Runquist expresses himself through short filmmaking project

Karsten Runquist

By Eva Perez-Greene

Artistic inspiration is everywhere, yet few feel bold enough to take the plunge and create something unique with it when they find it. Junior Karsten Runquist, a self-taught filmmaker, has challenged himself this year to produce one original short film per month. From his more mature horror short Yum to his youthful stop-motion short Separated,

He has created longer films for submission to the annual St. Paul Academy and Summit School Film Festival twice, but was drawn to short films, those less invested vehicles for experimentation which have appealed to both aspiring film artists and film virtuosos alike.

“I’ve tried to make one big movie every year, but I realized that I really wanted to make more so I challenged myself to do this,” Runquist said.

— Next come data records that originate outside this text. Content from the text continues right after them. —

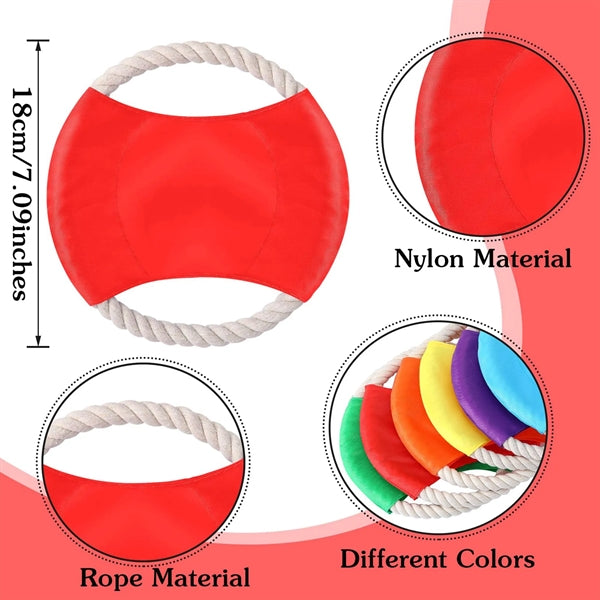 Pet Dog Training Toy Flying Disc Custom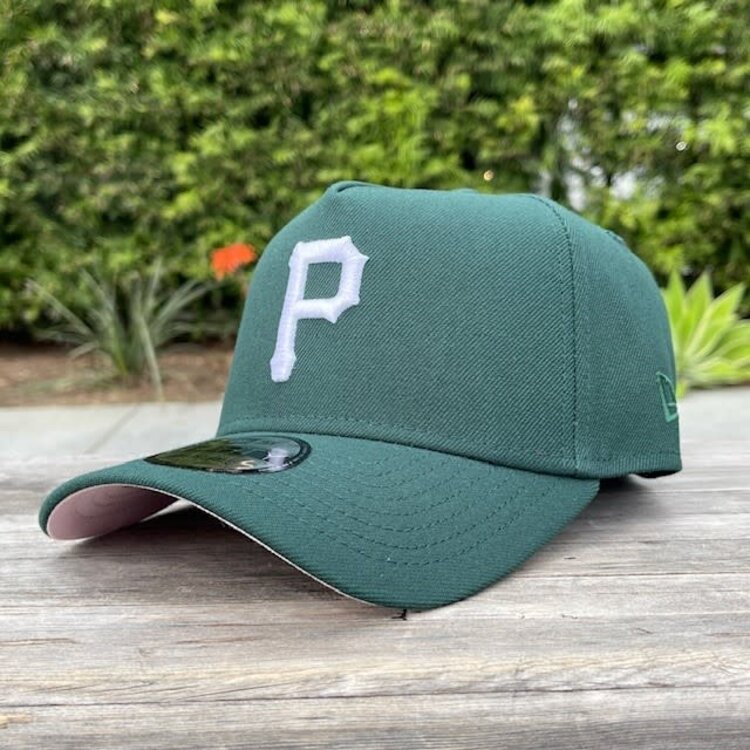 New Era Pirates Dark Green 06 ASG PinkUV 940 A-Frame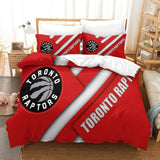 Toronto Raptors Bedding Set Duvet Cover Without Filler
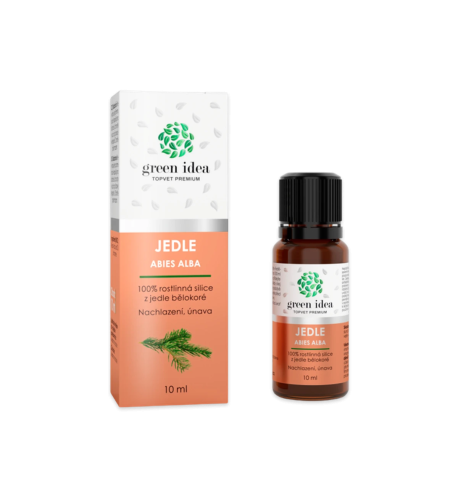 Jedľa – 100 % silica 10 ml – Green idea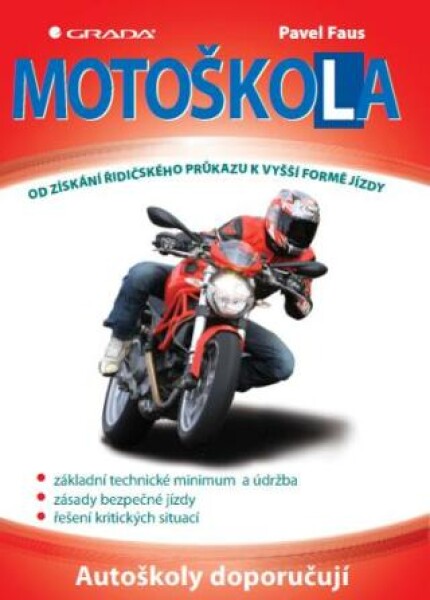 Motoškola - Pavel Faus - e-kniha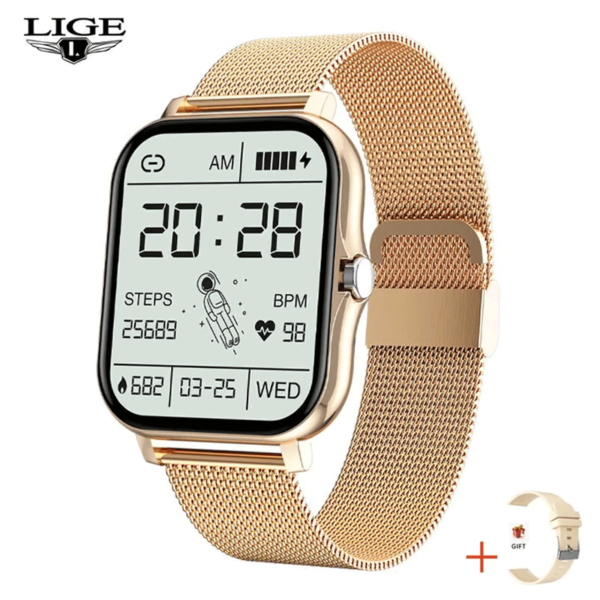 LIGE Smartwatch BW0242 GT20 - Image 2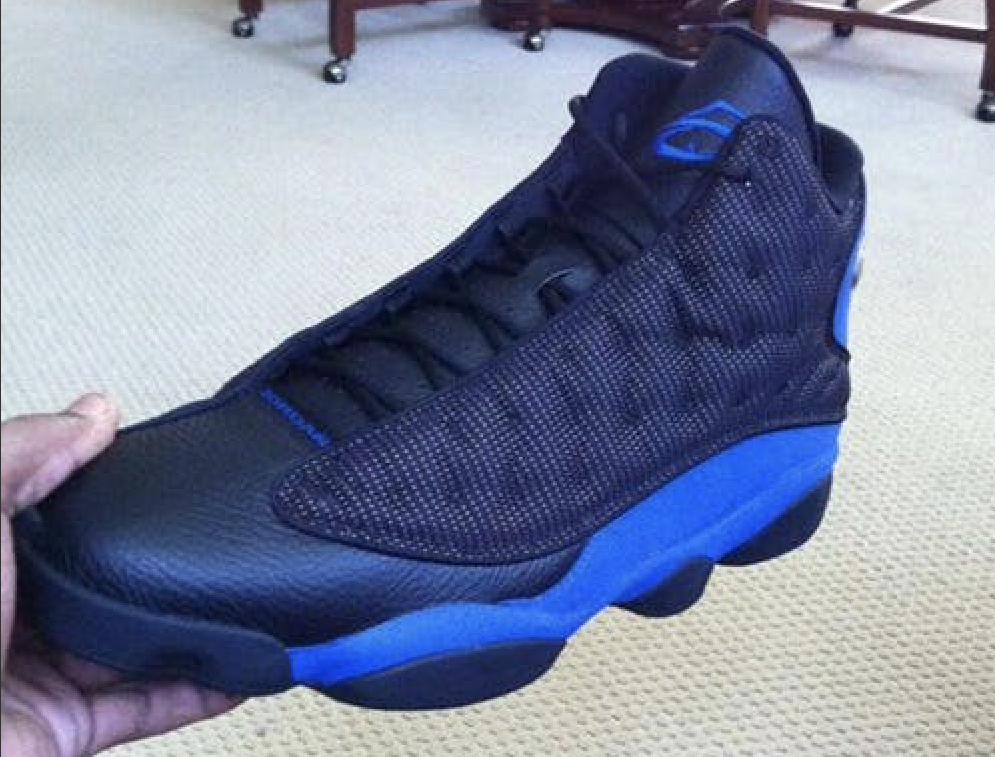 Air Jordan 13 Magic Navy Blue Shoes - Click Image to Close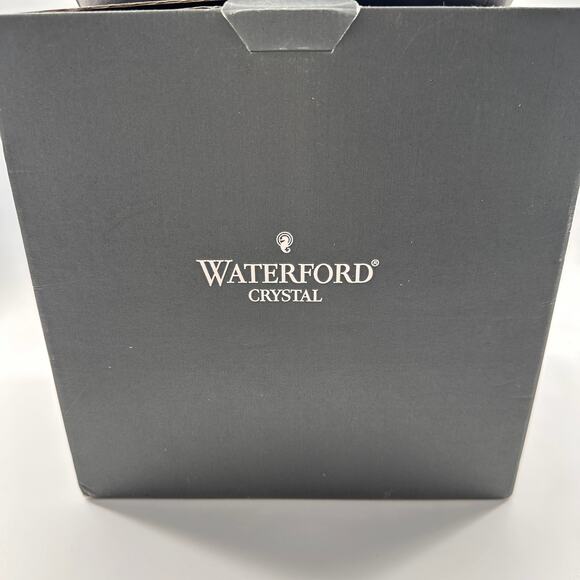 Waterford Wedding Heirloom Collection 6.25” crystal candlestick pair, EUC - Picture 12 of 13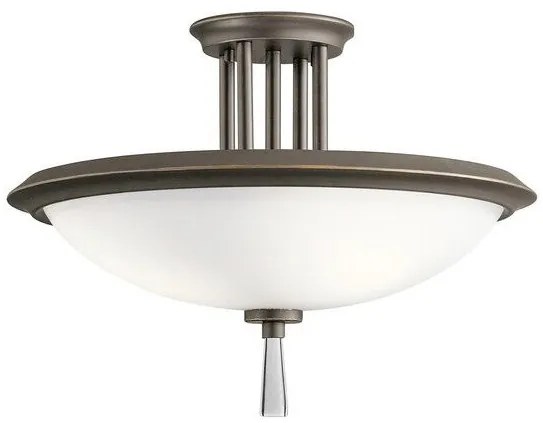Πλαφονιέρα Φωτιστικό Οροφής 3xE27 Dreyfus Elstead Lighting-KL-DREYFUS-SFOZ-Μπρονζέ KL-DREYFUS-SFOZ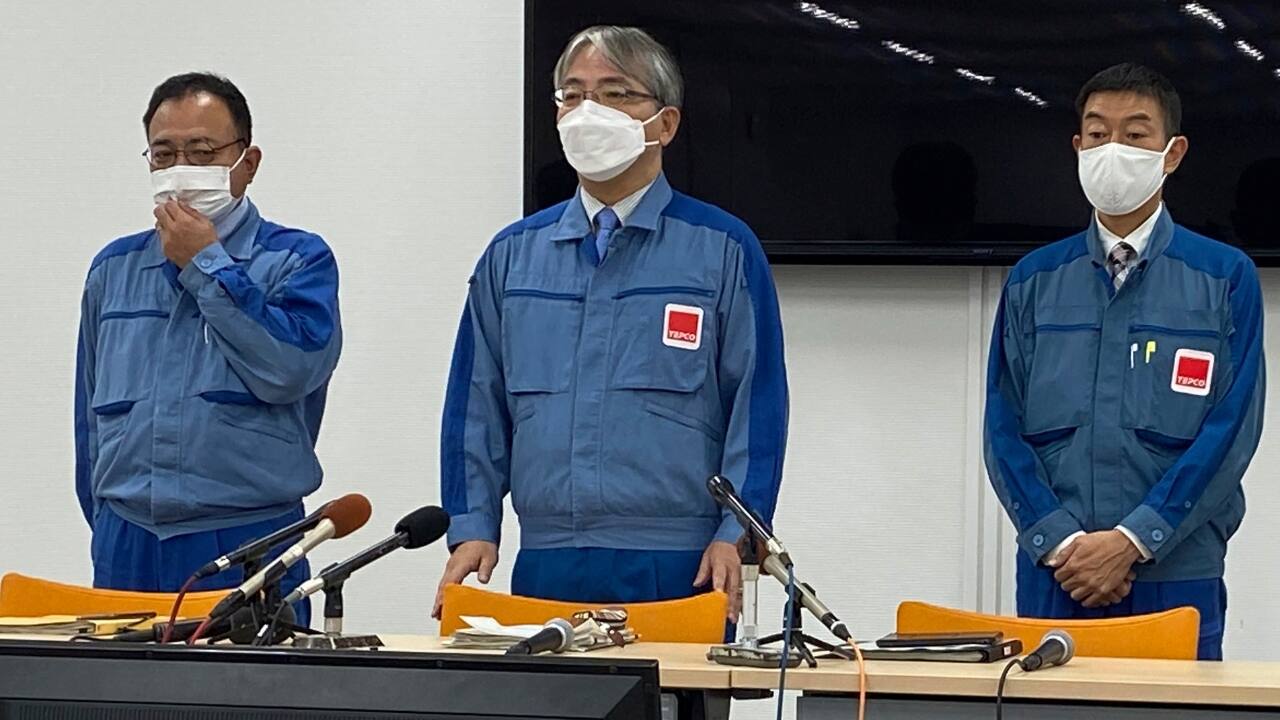 The operator checked data and the progress on a set of four monitors that show the water volume, pump conditions and any alerts. TEPCO executive Junichi Matsumoto said the release on August 24 was planned to start small in order to ensure safety. The wastewater is collected and partly recycled as cooling water after treatment, with the rest stored in around 1,000 tanks, which are already filled to 98 percent of their 1.37-million-ton capacity. Those tanks, which cover much of the plant complex, must be freed up to build the new facilities needed for the decommissioning process, officials said. (Image: AP)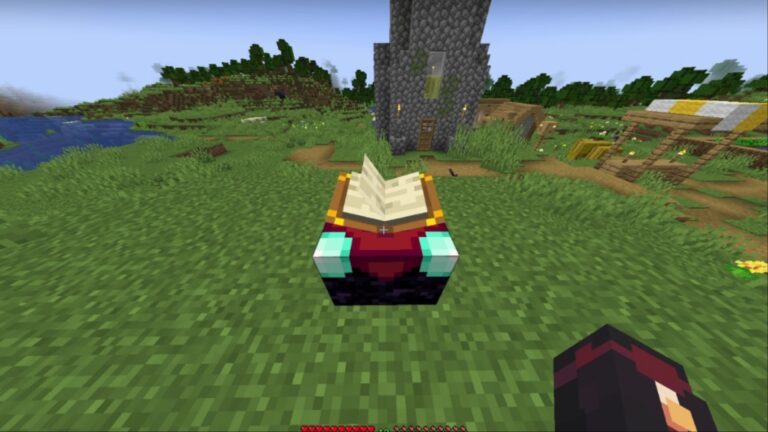 Best enchantments in Minecraft (Image via Mojang Studios)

There is no official theme for the film project, though Runquist admits his aim is to create products with the kind of vibrancy and freshness that the artist Pharrell Williams has recently branded.

“[Pharell is] a huge inspiration…he’s very colorful and different and that’s what I’m trying to be with my films,” Runquist said.

Finding the time to feel as creative as possible, let alone acting on those feelings, is hard enough for most busy SPA students. But where there’s a will, or perhaps an urge to create, there is a way. Runquist has managed to immerse himself in both of his passions–swimming and film–at once. “I’m on a swim team so while I’m swimming, I usually come up with the ideas,” Runquist said, noting the daily time he gets to listen to his own thoughts while swimming laps at practice.

Runquist’s artistic strengths lie in his handling and placement of the camera, as well as his editing. “That’s how I started getting into video, with editing,” he said. “I used to make these weird Parkour videos. Then it grew into this film thing and I realized that I liked making story videos.”


Runquist’s most recent film Separated, a smooth stop motion flick inspired by Wes Anderson’s lauded Fantastic Mr. Fox, is one such example of his editing and filming strengths. It is about two love-stricken fishies, carelessly separated by their owner, their ultimate reunion tenuous at best. Finding Nemo and Romeo and Juliet currents run throughout.

“They’re in a bathroom, they’re bathtub fish, and this guy who lives there just separates them,” Runquist said. “Like rubber ducky fishes though, not actual fish!” Runquist describes the process of making a stop motion film, which he taught himself, as difficult yet very fun.

His October short, Yum, is a venture into horror, a genre exceptionally demanding for its subtle balance of shock and catharsis. “Yum is about a girl who’s just trying to eat her snack when some mysterious thing keeps taking a bite out of it without her seeing. I don’t want to spoil the rest in case someone watches it,” Runquist said. Yum is darker in tone than most of Runquist’s upbeat pieces, yet it preserves the same daring playfulness, the same “what if?” attitude in his other works.

Runquist’s September film, Smiles for Miles, the first in his shorts project, is a strange love story. “It’s about this guy who falls in love with this inflatable ball,” he described.

Runquist cites Napoleon Dynamite, Fantastic Mr. Fox, and Pixar films in general as his influences. He hopes to develop his interest in film through a professional career eventually. “I’d like to be either a filmer or a director…I’d like to go to NYU because they have a really good film program,” Runquist said.

Whether or not he goes on to become a professional, Runquist’s monthly shorts are worth checking out on his Youtube channel.